The paradox is that taking an “objective” view of your own species is something only human beings can do. All animals and most humans can only view life from within the constraints of their instincts and culture. Their concerns are mostly with food, territory, and reproduction.  Most of us live our lives within the culture we have inherited from many previous generations.  We don’t question ideas like “economic growth” because it’s been with us all our lives. Our livelihoods depend on the use of fossil fuels, but so did those of our ancestors.

To understand why our instincts and culture are leading us to catastrophe we have to step outside our normal lives and look at how our species has behaved over the thousands of years we have been in existence.  What is so extraordinary is that the body of accumulated knowledge which now enables us to do this has only just reached the point where the pieces start falling into place.  The central ideas come from Darwin, but amazingly it turns out that (as I recently discovered) the implications of his thesis have not been truly understood until quite recently.  For many years the phrase “survival of the fittest” has been misunderstood and derided.  Now at last we are beginning to get a true understanding of what we have been doing all this time, and the implications are truly horrifying.
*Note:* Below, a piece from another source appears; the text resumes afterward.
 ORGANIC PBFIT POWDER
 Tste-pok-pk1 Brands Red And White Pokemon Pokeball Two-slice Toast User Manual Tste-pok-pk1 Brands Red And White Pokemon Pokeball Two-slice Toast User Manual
Just as we begin to say “ah, that’s what has been happening” we realise that it is probably too late to do anything about it.  Is there a grain of hope in the “probably”?  There may still a chance that the worst can be averted, but to do so we have to hold that contradiction in our hands; we have to know that we are just another species with all our inherited baggage, but also know that we have the unique capacity to look at ourselves. What we have to do is use our humanity to outwit our humanity.